What a way to start a morning – with a 3 mile hike. We hiked the Bright Angel Trail, going down into the canyon 590 feet. Going down was a breeze. Coming back up was breathless literally! We went through the second tunnel before deciding that was far enough. As the magnet, sticker and possibly a shirt said in the General Store “Going down is optional. Coming up is mandatory.” We stopped only to take pictures of the very lovely view as we were going down. Fortunately we got a couple of pictures of the two of us, very unusual. Although there was a bit of ice initially that soon ended and the path was easy but all downhill meaning of course that the hike back to the trailhead was all uphill. We only stopped going down for pictures but going up – well, I lost track of how many times we stopped to gasp for breath! When we live at an altitude of 43 feet 7000+ tends to cause one to be short of breath. Neither Jerry nor I slept well last night, both a bit restless which we attributed to the high altitude. We’ve been in a high altitude before on this trip but our last stop was Needles, California which is 495 feet so a bit of a change in a day. Back to the hike – as we were going back up we had to take a number of breaks. I lost count after 5! When we had talked to the ranger earlier he had told us to be sure to look for the pictographs after the first tunnel. We looked on the way down but never saw them but we did see them on the way back. Amazing! I asked what kind of paint was used and was told it was probably from berries or things of that nature. Since they are sheltered from the rain that have remained for nearly 1100 years! The ranger also told us that we were part of only 7% who hiked down in the canyon. Can’t imagine not seeing all of that beauty from within the canyon.

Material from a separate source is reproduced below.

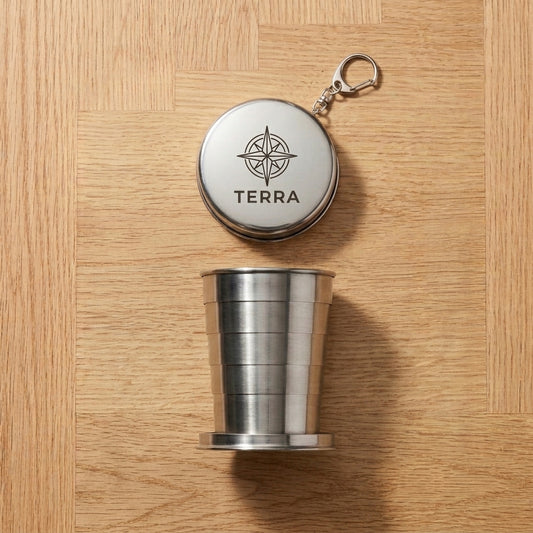 Personalized Collapsible Camping Cup Stainless Steel Folding Travel Cup with Keychain Custom Engraved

The Grand Canyon, Arizona and parts of Utah are in a severe drought now. The canyon has only had one big snow this year and usually they are covered with snow with temps much lower than we have seen. It has made travel for us nice in that we have not had a day of rain, snow or any bad weather. Because of that however we have not taken a day of rest the entire trip!

After the Bright Angel Trail we came back to the RV for lunch. Instead of the usual sandwich we had our leftovers from Wednesday night’s dinner. Pretty tasty for a change. Actually we are quickly cleaning out our freezer – must be time to head home. We took our last bag of wings out for dinner tonight. Either go home or start really cooking. Um…

After lunch we went back to the Visitor’s Center where we got our Passport book stamped. We then watched a wonderful movie about the Grand Canyon, “a vista that stretches out to the edge of the imagination”. Interesting facts about the canyon: The Colorado River is the prime shaper that chisels and carves out the canyon. The canyon increases each year by the width of a sheet of paper. It is definitely a world of stone and light.

After the video we went back to Mather Point and again looked at the beautiful view, a world of stone and light, a world where the clouds cast part in shadow and suddenly bursts of light come through. The colors are indescribable and from Mather’s Point the reality of the depth of the canyon is daunting.

Mather’s Point

We wandered down the Rim Trail for about an hour stopping occasionally to take pictures of the view or to take pictures of strangers while those same strangers then took ours. When we got to the first shuttle stop we decided to take it back to the Visitor’s Center where our car was parked. By that time we were both getting a bit tired.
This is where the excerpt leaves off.